• MATERIAL TO PROCESS
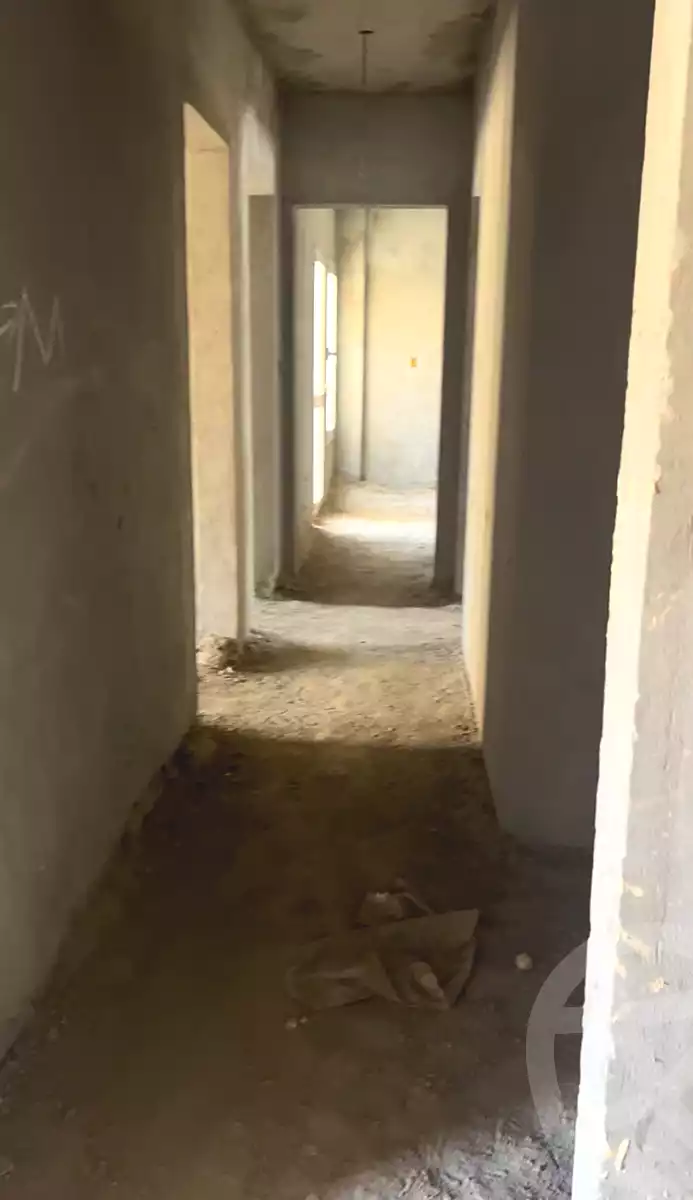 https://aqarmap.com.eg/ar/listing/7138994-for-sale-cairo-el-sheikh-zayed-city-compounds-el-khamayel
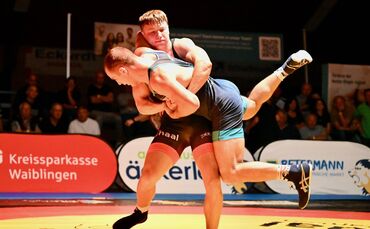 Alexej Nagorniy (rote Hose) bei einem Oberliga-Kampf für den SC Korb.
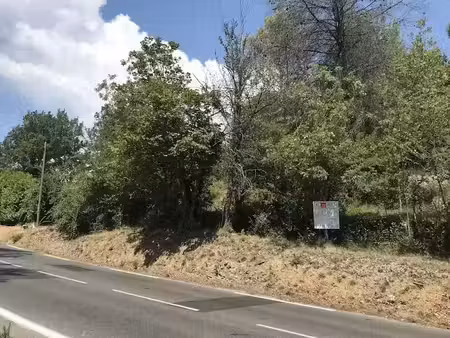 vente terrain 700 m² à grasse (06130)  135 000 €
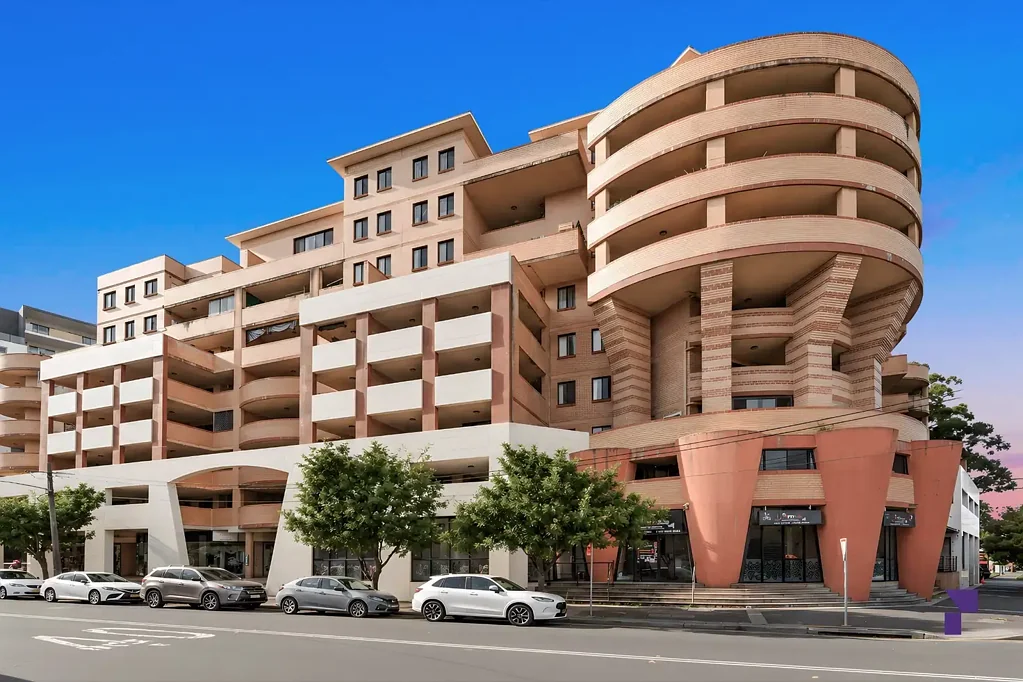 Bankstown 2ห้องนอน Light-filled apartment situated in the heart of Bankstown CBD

...

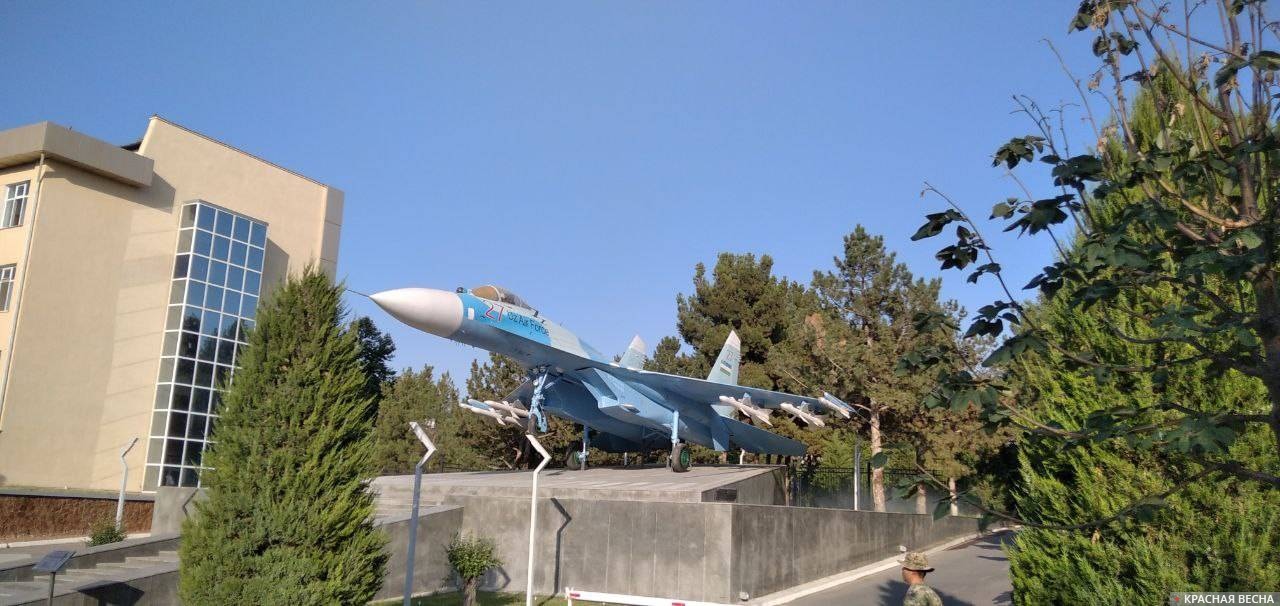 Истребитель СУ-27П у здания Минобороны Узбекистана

• EXERCISE AIM
In the records above, copy exactly everything from the line that has "vente terrain 700" down to the line that has "Bankstown 2ห้องนอน Light-filled", both ends included, and leave out the pictures.

• ANSWER BELOW
 vente terrain 700 m² à grasse (06130)  135 000 €
 Bankstown 2ห้องนอน Light-filled apartment situated in the heart of Bankstown CBD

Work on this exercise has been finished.